Book Review: The Power by Naomi Alderman

This has one of the more expert “turn society on its head” premises I’ve ever come across. One day, young women around the world begin to discover an ability to create electricity with their bodies. In the days that follow, it spreads to women and girls everywhere, all of whom now have the ability to hurt, manipulate, or kill with the power in their bodies. But in a foundationally patriarchal world, what does that kind of power do to the way we live our lives?

This is Naomi Alderman’s answer to that question, and it’s gritty as hell. She pulls no punches, she strays away from no violence or rawness. This is a bleak, but honest narrative of what happens when the state of the world changes in a week. It follows several primary characters, whose stories are each stark and powerful within this new world. One is a formerly abused foster child who becomes a face for the new world. Another is the incredibly powerful daughter of gang members, who has enemies and influence in equal portion. Another is a political leader, trying to turn the tides of the changing government in her favor. The last is a Nigerian man who finds himself becoming the world’s lens for the spreading conflict and violence.

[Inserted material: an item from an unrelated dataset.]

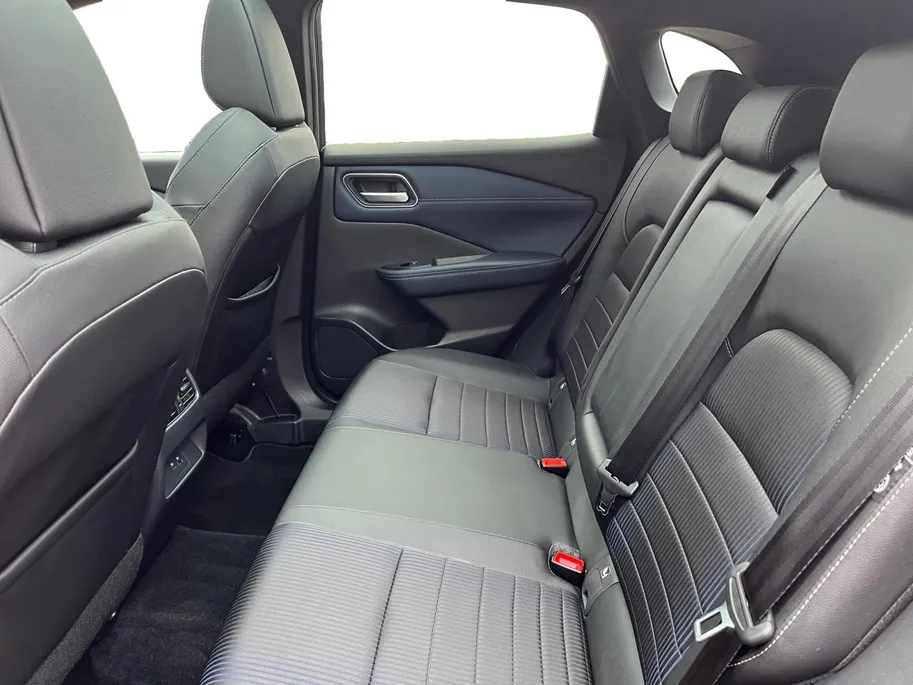 Nissan QASHQAI 1.3 MHEV Xtronic Tekna | Panoramadak | 360 camera | Carplay | Stoel- en stuurverwarming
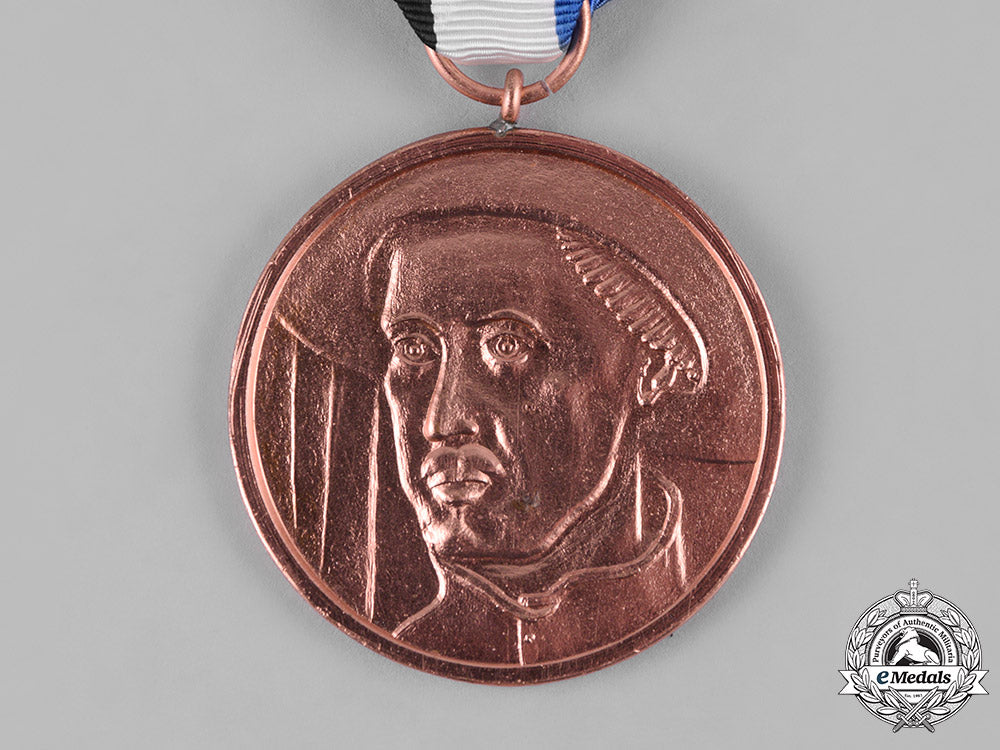 portugal,_republic._an_order_of_prince_henry_the_navigator,_bronze_grade_merit_medal,_c.1965_s19_0522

As a whole, these characters and their stories form an exquisitely paced, emotional gut punch of a book that will force you to ask a lot of questions about society and our roles in it. What happens when the world shifts overnight? This book comes to plenty of conclusions to answer that by the end, and they’re not quite what you’d expect .

This is a story about gender and humanity and visual culture and war and desperation and human connection. It’s wide in scope, which can feel overwhelming in times. However, it also feels like a proper expression of the magnitude of the story Alderman sets out to deliver. And deliver she does.